Agencies don’t do a lot to actively discourage less profitable contributors, though some filter them out with application tests.

What does this Mean for Us?

This is great news for those of us who are microstock contributors but not yet on the most profitable list. While the favoritism makes it more difficult to get there, it also creates an incentive to improve. The more you earn, the more the agency strategies work to your advantage.

More Good News

While microstock agencies are commercially motivated to keep their most profitable contributors content with their sales and earnings, many are also investing heavily in community facilities, events and other resources to help all contributors become more profitable. They look great when they can show how they’ve helped their contributors grow from enthusiastic hobbyists into inspiring and talented professional stock photographers. It also raises the profitability of all their existing contributors.

How Can You Be More Profitable?

Generally speaking, agencies look at acceptance rate, sell-through rate and average sales per image (among other metrics) to determine search result order.

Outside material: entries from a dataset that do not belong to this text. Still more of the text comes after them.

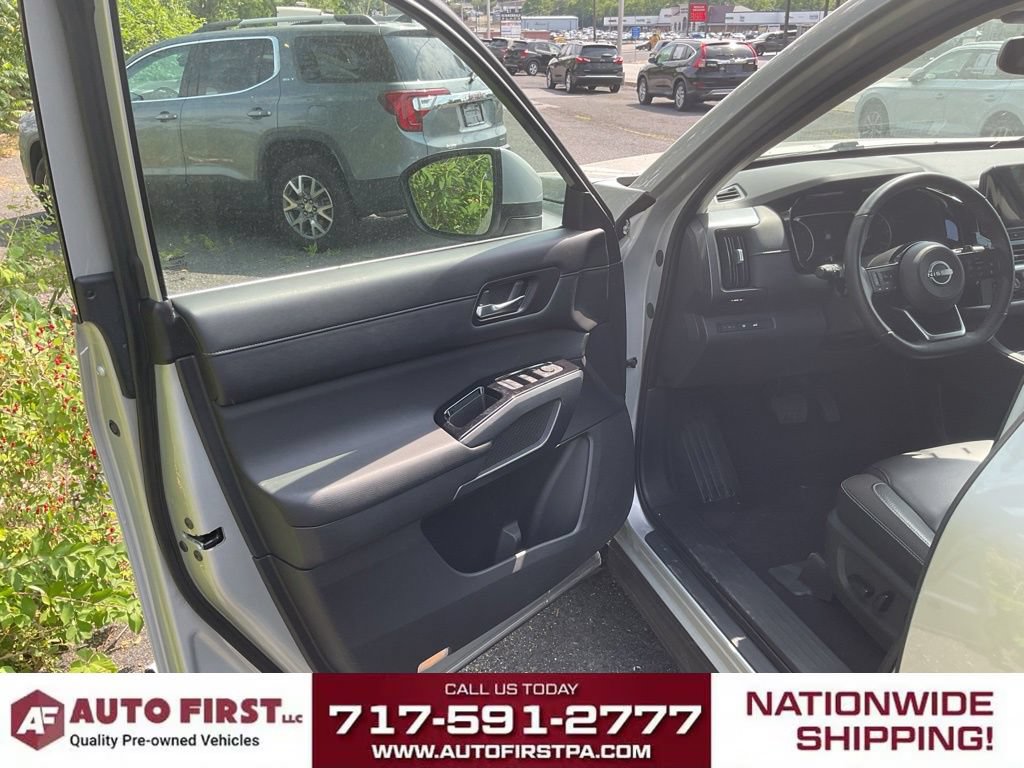 Used 2022 Nissan Pathfinder SL AWD/4WD image 5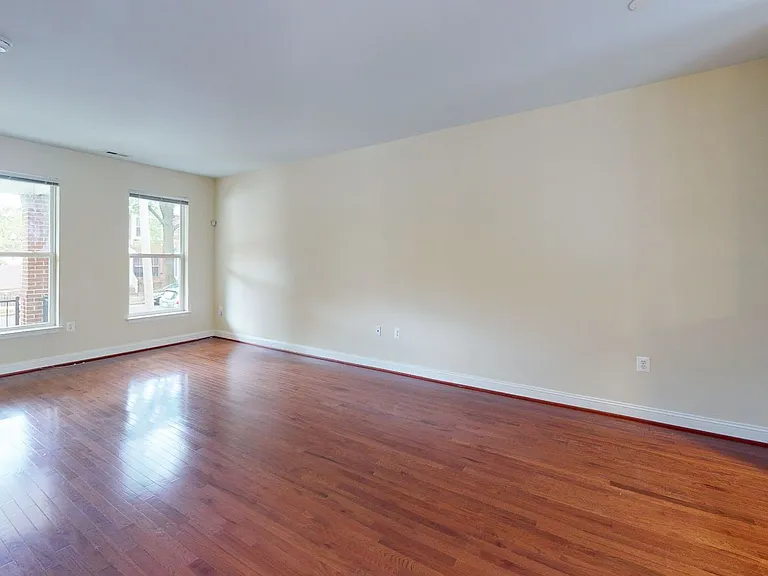 720 Barnes St NE — Photo 6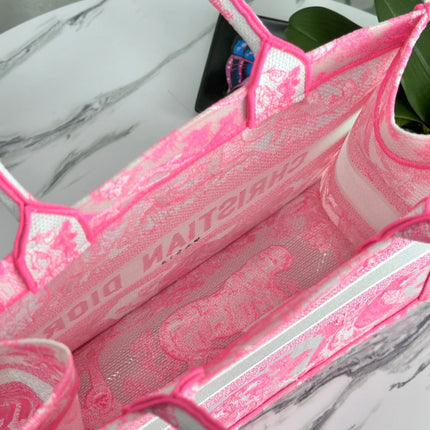 MEDIUM BOOK TOTE 37 CANDY PINK MACROCANNAGE EMBROIDERY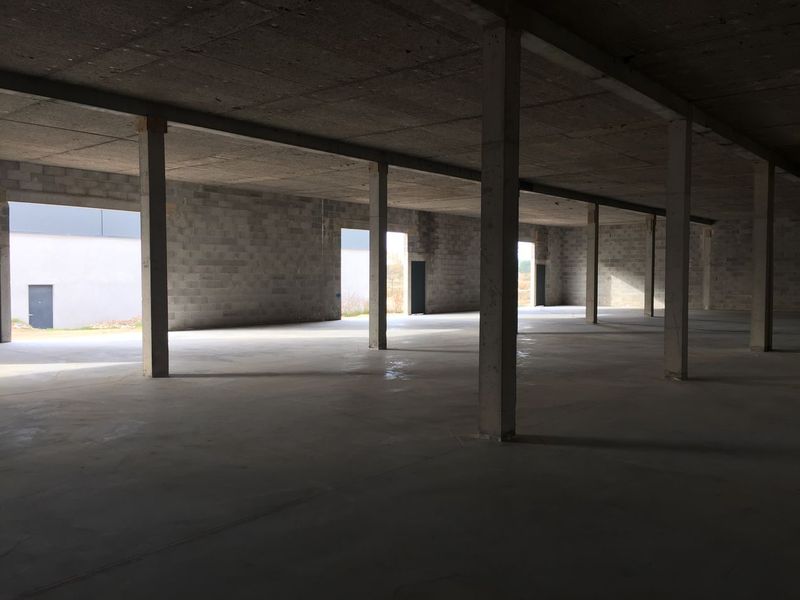 entrepôts à louer avec bureaux neufs à eguilles 13510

Therefore a perfect way to monitor your profitability from the agency perspective is to simply use the best match or relevancy keyword searches and monitor the position of your images. As you get more profitable for the agency (relative to other contributors) your images will move closer to the top of the search results.

To make that happen you simply need to contribute images that sell more.

3 Comments
  • Matt Antonino
    Posted at 19:43h, 08 July Reply

    “Generally speaking, agencies look at acceptance rate, sell-through rate and average sales per image (among other metrics) to determine search result order. ”

    Which ones use RPI? I’m going to go delete the bottom 15% of my portfolios there.

  • Matt Antonino
    Posted at 20:48h, 09 July Reply

    They can’t both be true – it’s illogical.

    If AgencyDT uses RPI to determine search engine rank, then deleting photos would HELP your earnings by giving your best sellers higher RPI and thus higher search rank, resulting in more sales. If AgencyDT does NOT use RPI as part of rank, then deleting your already-accepted photos is stupid because they may sell.

    If an agency uses sales per image and you have some dogs, deleting them brings up your sales per image and helps you. If they don’t, you want the largest gallery possible.

    See what I mean? It can’t be both ways.